Destacable producto de una mala decisión

El elenco impresionante y la memorable interpretación musical de esta versión de siete horas no desestima el hecho de que no es mejor que la original. Tampoco que no había necesidad alguna de hacerla y que a la puesta en escena se le nota el apuro para salvar el papelón.

› Por Diego Fischerman

Con un elenco impresionante y en una noche memorable desde el punto de vista de la interpretación musical, el Colón afrontó un desafío titánico: montar la Tetralogía de Richard Wagner en un solo día. La versión del ciclo El anillo del nibelungo fue cortada, para tal fin, por Cord Garben.
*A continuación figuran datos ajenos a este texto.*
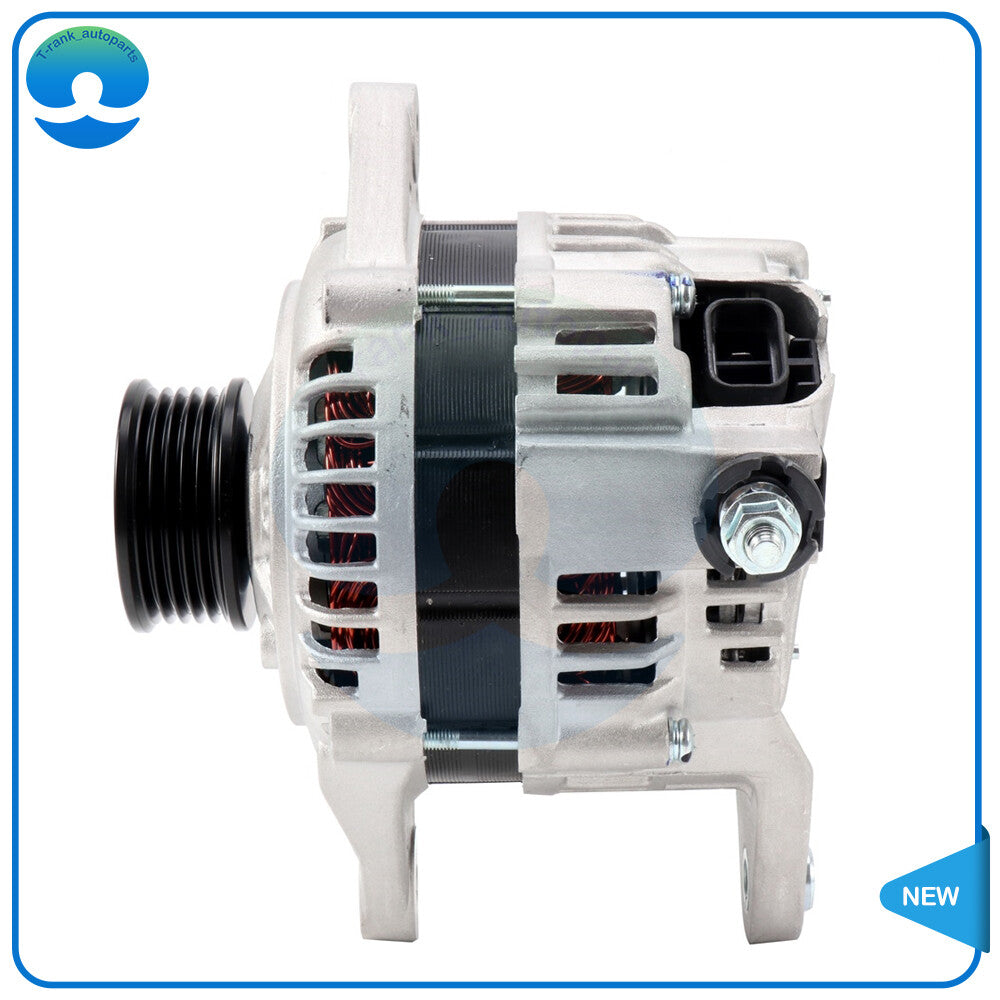 New 12V 85Amp Alternator AHI0017 Fit for 1995-1999 for Subaru Legacy 2.2L H4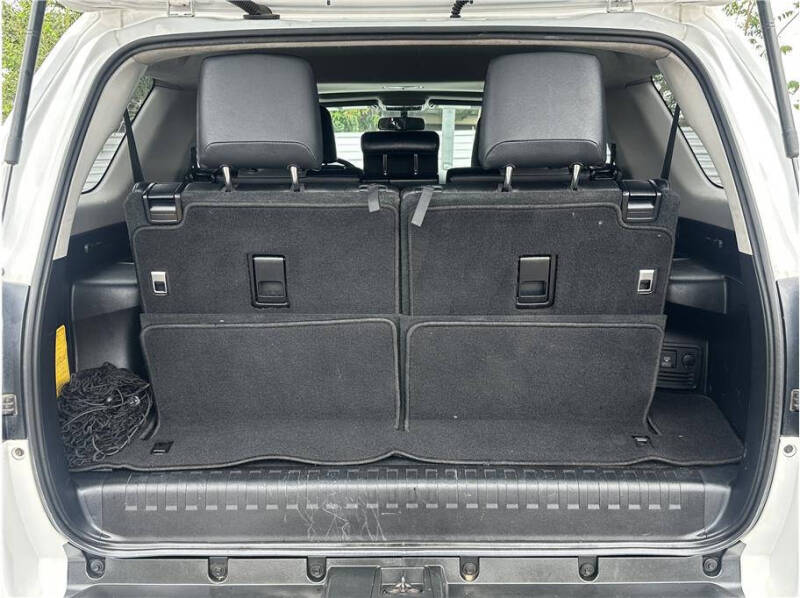 2017 Toyota 4Runner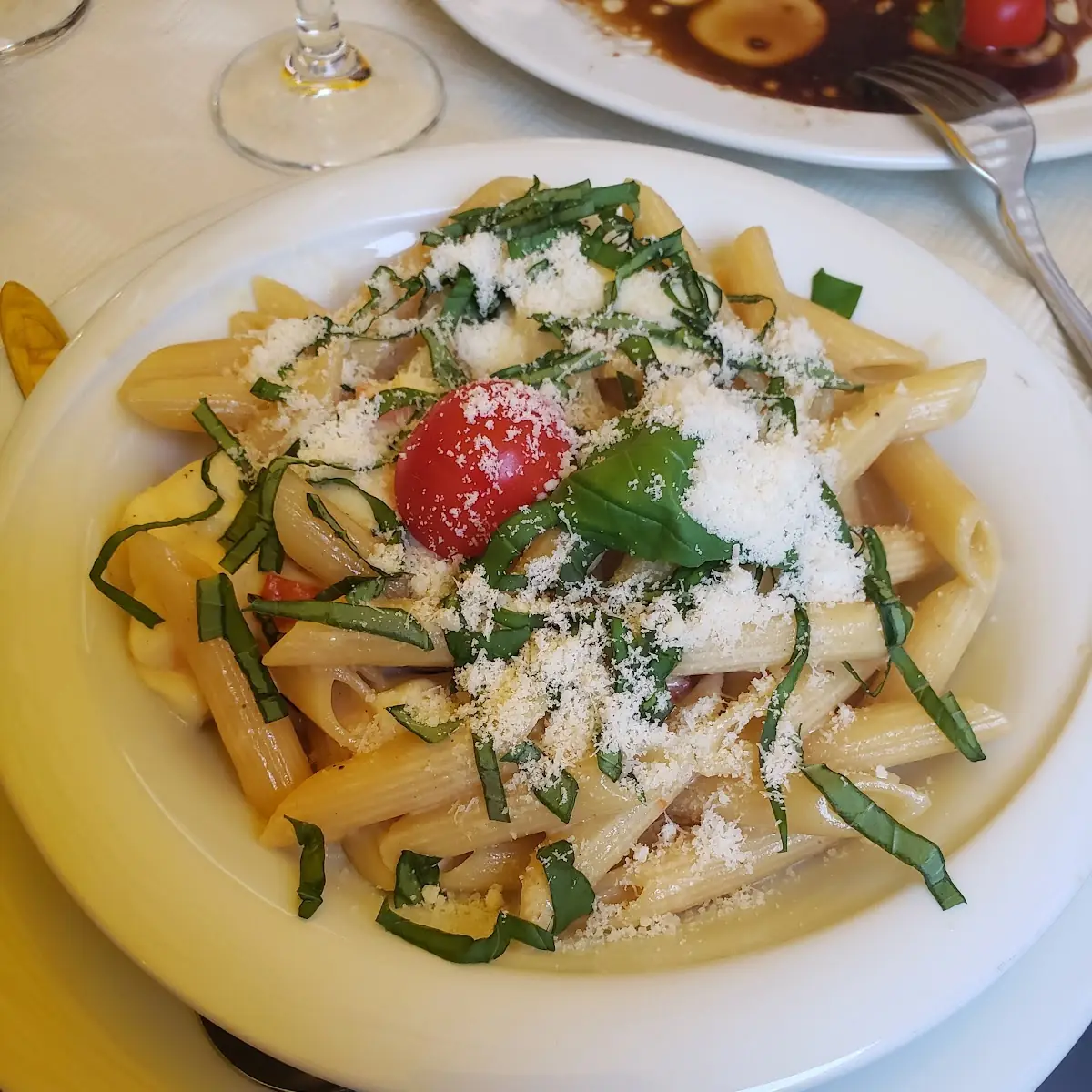 Penne Del Nonno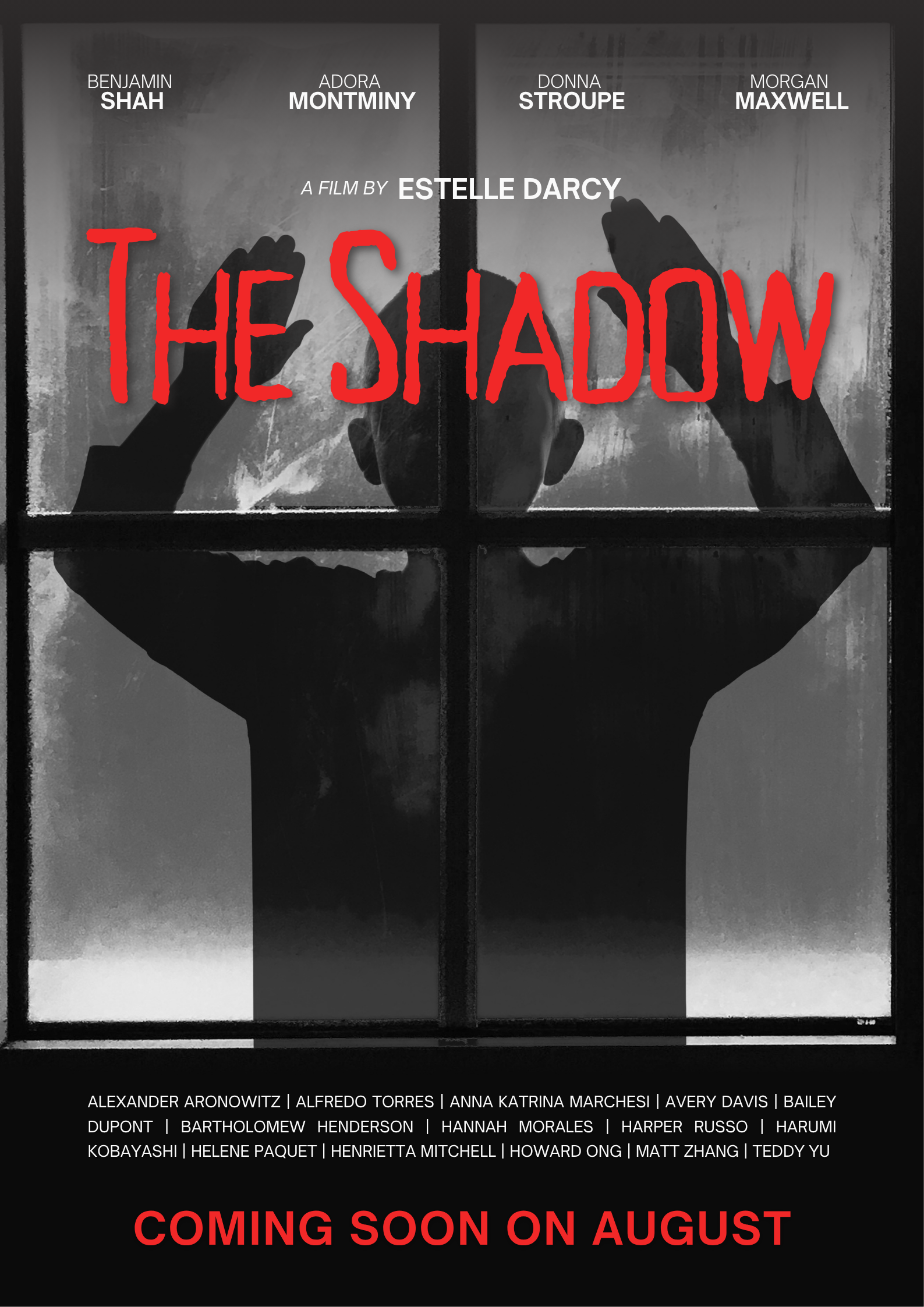 The Easy Reach Movie Poster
El notable rendimiento de la orquesta (reforzada por casi un centenar de músicos adicionales, para poder afrontar las siete horas netas de música), la manera en que los cuerpos técnicos debieron resolver no una sino dos escenografías –la segunda en tiempo record–, debido al affaire de la bisnieta prófuga, la extraordinaria actuación del director musical –el vienés Roberto Paternostro, brillante en su interpretación y sometido, además, a la inédita exigencia de permancer en el podio durante esa cantidad de horas–, el brillo del reparto reunido y la manera en que, finalmente, todos los trabajadores del teatro lograron brindar un espectáculo de características únicas como si se tratara de lo más natural del mundo, acabaron teniendo un efecto paradójico. Que el Teatro Colón pudiera montar tamaño emprendimiento, y con la calidad de ejecución lograda, era la prueba incostratable de que no hubiera necesitado hacerlo.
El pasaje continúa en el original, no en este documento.